What was really awful about this reading was the narrator. I would be really curious to know what the man's mother language is. It doesn't seem to be English since, although his reading was, overall, pleasant enough, his accent was neither typically British nor American nor, indeed, any other of the native accents of English I am familiar with. What's worse, he kept pronouncing "heir" as "hair", sounding the initial "h", which is silent.
But he can't be French either, since he often, and painfully, mispronounced some French words no native Frenchman (indeed, nor even a foreigner with a sound knowledge of French) would ever mispronounce!
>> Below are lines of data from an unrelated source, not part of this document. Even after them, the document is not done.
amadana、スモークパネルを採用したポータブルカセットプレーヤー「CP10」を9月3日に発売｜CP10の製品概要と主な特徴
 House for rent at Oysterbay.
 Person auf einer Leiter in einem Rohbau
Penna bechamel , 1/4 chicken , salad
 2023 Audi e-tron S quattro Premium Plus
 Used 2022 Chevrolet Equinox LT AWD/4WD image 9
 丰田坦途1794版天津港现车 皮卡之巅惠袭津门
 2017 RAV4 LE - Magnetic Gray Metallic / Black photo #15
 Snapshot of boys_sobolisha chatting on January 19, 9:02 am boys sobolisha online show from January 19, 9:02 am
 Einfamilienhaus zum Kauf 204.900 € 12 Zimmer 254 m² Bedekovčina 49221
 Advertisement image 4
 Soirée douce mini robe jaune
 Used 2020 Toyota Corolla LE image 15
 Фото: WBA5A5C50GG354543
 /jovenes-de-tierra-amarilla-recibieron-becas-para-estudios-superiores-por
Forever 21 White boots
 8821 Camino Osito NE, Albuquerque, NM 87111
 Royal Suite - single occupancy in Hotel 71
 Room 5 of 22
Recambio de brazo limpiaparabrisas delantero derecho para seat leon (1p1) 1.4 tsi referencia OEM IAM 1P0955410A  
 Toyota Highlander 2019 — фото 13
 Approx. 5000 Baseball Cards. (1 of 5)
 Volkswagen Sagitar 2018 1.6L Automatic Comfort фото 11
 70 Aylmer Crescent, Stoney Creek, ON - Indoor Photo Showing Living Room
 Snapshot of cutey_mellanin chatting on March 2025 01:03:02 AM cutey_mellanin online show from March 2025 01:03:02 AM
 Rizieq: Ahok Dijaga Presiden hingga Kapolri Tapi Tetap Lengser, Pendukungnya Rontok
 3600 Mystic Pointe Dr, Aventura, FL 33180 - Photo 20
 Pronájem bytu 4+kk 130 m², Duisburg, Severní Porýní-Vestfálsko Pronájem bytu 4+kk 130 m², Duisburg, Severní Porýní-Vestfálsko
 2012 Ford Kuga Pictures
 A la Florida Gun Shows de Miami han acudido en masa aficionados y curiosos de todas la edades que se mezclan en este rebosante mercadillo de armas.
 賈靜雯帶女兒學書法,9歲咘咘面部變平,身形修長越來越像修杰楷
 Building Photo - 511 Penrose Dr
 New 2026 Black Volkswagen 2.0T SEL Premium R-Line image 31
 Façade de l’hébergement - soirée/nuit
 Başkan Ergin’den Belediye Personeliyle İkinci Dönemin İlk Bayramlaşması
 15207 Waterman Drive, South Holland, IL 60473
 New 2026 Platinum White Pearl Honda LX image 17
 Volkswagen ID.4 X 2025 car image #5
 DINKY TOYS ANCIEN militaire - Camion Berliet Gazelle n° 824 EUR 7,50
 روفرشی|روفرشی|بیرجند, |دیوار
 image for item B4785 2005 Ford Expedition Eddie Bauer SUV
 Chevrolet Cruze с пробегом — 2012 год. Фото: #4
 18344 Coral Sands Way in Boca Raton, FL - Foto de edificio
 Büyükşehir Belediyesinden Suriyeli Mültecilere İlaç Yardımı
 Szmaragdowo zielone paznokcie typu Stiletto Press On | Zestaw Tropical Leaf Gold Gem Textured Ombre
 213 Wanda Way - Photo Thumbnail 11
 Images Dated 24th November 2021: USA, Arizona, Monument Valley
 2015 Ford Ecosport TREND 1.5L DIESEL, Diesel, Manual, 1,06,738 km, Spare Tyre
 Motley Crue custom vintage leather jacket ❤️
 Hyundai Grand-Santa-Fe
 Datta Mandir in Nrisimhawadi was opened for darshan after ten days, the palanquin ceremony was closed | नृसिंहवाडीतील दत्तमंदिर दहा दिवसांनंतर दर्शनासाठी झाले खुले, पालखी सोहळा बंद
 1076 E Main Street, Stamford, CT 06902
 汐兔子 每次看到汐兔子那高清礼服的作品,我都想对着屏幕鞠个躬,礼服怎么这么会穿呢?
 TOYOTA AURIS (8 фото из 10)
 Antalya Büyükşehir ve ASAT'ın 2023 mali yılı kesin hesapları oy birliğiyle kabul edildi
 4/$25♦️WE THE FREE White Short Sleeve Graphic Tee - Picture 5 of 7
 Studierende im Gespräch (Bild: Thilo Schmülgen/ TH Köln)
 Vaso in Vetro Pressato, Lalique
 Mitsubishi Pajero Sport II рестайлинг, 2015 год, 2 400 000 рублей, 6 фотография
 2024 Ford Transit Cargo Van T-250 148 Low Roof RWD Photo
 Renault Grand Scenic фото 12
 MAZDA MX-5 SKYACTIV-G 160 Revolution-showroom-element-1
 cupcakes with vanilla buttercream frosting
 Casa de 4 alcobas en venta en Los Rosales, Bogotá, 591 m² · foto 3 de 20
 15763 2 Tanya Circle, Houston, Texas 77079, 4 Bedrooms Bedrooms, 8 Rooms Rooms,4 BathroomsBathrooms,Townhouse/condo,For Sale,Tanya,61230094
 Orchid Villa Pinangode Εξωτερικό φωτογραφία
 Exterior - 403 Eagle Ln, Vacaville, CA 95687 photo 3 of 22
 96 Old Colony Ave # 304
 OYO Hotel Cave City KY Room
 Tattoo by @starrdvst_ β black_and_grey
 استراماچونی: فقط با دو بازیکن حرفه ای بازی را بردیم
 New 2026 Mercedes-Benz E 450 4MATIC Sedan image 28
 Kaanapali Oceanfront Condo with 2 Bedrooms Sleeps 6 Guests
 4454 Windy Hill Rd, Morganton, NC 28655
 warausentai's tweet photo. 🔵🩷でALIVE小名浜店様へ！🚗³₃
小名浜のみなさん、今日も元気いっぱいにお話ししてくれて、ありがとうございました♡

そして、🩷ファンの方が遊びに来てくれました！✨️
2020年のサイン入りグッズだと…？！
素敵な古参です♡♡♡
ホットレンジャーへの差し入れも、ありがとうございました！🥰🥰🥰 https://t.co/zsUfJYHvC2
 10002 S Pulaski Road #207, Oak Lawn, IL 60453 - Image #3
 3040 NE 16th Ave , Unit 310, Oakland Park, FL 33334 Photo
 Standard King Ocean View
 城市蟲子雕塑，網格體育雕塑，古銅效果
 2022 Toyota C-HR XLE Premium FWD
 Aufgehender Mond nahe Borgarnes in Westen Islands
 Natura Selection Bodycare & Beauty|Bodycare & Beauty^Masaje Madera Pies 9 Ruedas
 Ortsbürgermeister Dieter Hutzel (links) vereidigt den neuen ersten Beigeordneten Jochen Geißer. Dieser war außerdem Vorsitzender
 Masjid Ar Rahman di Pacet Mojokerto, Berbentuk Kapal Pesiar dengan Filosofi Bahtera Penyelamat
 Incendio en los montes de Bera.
One example should suffice: he repeatedly pronounced "Maréchal" (Petain's rank comes up fairly often in the book) "Marekal" reading the "ch" (which should be read "sh") as it if were a "k" (or hard "c") ! Honestly!
As if such mistakes were not annoying enough, every time he read a quote from a Frenchman (and, not surprisingly, there's quite a few of those in the book) he felt obliged to do it in a mock-French accent that made every Frenchman in the book, first and foremost De Gaulle, sound like Inspector Clouzeau!
All in all, as far as I can tell, the book is good for what it purports to be. As I said, this was not the kind of book I was looking for, but that can't be the author's fault. But, the narrator... arrgh!